Elvin Jones『The Ultimate』(写真左)。1968年9月6日の録音。ブルノートの4305番。ちなみにパーソネルは、Elvin Jones (ds), Joe Farrell (ts, ss, fl), Jimmy Garrison (b)。サックスがフロントのピアノレスの変則トリオ編成。サックスは、当時、新進気鋭のジョー・ファレルが担当している。
この盤ではピアノレスで録音している。この盤の演奏を聴けば判るが、この盤の演奏にピッタリ合ったピアノは、当時唯一、マッコイ・タイナーのピアノだけだったと思うのだが、タイナーを採用すると、明らかにコルトレーン・カルテットの音世界に酷似する可能性がある。であれば、ピアノをオミットしたのは正解だろう。
エルヴィンはビートが効いた、ポリリズムの化身の様なドラミングが身上。ピアノは無くても、ベースのウォーキング・ラインさえあれば、十分にフロントの楽器を支え、鼓舞することが出来る。この盤に詰まった演奏は、一言でいうと「インパルス・レーベルに移籍したばかりの頃の、モーダルで自由度の高いコルトレーン・カルテット」の音である。上質のモード・ジャズ。
ギャリソンのベースは、モード・ジャズを支える上で、打って付けのウォーキング・ラインを弾き進める。明らかに「モーダル・コルトレーン」仕込みのベース・ライン。フロントのサックスに限りなく自由度を与えながら、しっかりと演奏の底をしっかりと支えている。聴けば、フロントのファレルがとても気持ち良いサックスを吹いている様に感じる。

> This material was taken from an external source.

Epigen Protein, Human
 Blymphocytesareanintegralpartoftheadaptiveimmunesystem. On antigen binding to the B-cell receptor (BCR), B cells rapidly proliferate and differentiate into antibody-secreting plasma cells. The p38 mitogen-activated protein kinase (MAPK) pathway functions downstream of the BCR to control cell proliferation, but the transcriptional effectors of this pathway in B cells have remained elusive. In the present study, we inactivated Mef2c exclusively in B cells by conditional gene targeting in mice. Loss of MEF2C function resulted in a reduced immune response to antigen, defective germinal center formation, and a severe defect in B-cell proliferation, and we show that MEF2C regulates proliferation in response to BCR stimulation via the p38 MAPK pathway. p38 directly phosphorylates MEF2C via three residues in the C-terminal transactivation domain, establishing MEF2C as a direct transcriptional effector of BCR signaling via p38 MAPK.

当時31歳のファレルは若々しくエモーショナルなサックスを吹き上げる。限りなく自由奔放に吹きまくるファレル。コルトレーンをちょっとジェントルに、ちょっと柔和にした様なモーダルなサックスが、エルヴィンのポリリズムとギャリソンのゴリゴリベースに見守られながら、限りなく自由度高く乱舞する。モード・ジャズの好盤である。